Texas Instruments Incorporated (TXN) saw its shares reach a record intraday high of $232.57 on April 20, 2026. This peak represents a significant milestone for the Dallas-based semiconductor manufacturer, which has spent the last several years executing a multi-billion dollar capital investment strategy aimed at expanding its domestic manufacturing footprint. The company’s previous records have been eclipsed as it continues to consolidate its position in the analog and embedded processing markets.
The ascent to this all-time high follows the company’s most recent financial disclosures, which highlighted robust performance in its automotive and industrial sectors. For the fiscal period leading into early 2026, Texas Instruments reported a steady increase in revenue, supported by the ramp-up of its new 300-millimeter wafer fabrication plants, including the facilities in Sherman, Texas. Chief Executive Officer Haviv Ilan has previously stated that these investments are critical for providing the capacity required to support long-term customer demand and to maintain the company’s competitive cost structure.
In its latest quarterly filing, Texas Instruments reported revenue of $4.85 billion, with a gross margin of 62.4 percent. The company’s focus on high-margin analog products, which account for approximately 75 percent of its total revenue, remains a primary driver of its financial health. Additionally, the embedded processing segment contributed $820 million to the top line. The company has maintained its commitment to returning value to shareholders, recently confirming its 21st consecutive year of dividend increases and continuing its share repurchase program.
Despite the record share price, some analytical frameworks suggest the stock may be trading at a premium. An analysis by InvestingPro indicated that the current valuation of $232.57 places the company in an overvalued territory relative to its historical price-to-earnings multiples and projected cash flow. The analysis noted that while the company’s balance sheet remains strong with significant cash reserves, the high valuation reflects an optimistic pricing of future growth from its expanded manufacturing capacity.

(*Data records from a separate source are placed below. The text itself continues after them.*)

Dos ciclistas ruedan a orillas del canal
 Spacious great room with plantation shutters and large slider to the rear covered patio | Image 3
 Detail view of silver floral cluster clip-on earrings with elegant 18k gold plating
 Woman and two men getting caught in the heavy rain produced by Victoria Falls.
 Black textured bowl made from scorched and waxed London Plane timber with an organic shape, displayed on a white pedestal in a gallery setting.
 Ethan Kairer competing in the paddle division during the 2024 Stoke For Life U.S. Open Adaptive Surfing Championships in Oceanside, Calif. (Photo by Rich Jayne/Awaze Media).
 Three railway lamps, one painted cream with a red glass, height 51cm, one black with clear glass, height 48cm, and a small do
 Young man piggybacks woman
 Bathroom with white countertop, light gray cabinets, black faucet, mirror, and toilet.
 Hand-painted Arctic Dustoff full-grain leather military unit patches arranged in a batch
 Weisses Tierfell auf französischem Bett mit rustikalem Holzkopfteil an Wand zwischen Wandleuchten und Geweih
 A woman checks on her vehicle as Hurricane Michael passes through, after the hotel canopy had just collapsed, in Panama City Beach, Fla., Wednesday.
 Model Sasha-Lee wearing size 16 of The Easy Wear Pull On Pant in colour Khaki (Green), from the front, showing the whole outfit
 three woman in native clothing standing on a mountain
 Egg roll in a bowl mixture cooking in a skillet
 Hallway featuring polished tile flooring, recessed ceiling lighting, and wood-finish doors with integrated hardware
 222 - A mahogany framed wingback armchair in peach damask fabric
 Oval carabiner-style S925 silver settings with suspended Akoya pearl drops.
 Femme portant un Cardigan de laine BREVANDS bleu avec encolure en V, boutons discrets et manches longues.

Operationally, Texas Instruments is currently managing a transition toward more advanced internal production. The company’s strategy involves shifting a larger percentage of its output to 300mm wafers, which are expected to reduce chip-level costs by up to 40 percent compared to older 200mm processes. This shift is part of a broader plan to reach $45 billion in annual revenue by the end of the decade. As of April 20, 2026, the company continues to operate 15 manufacturing sites globally, with a heavy emphasis on its United States-based operations.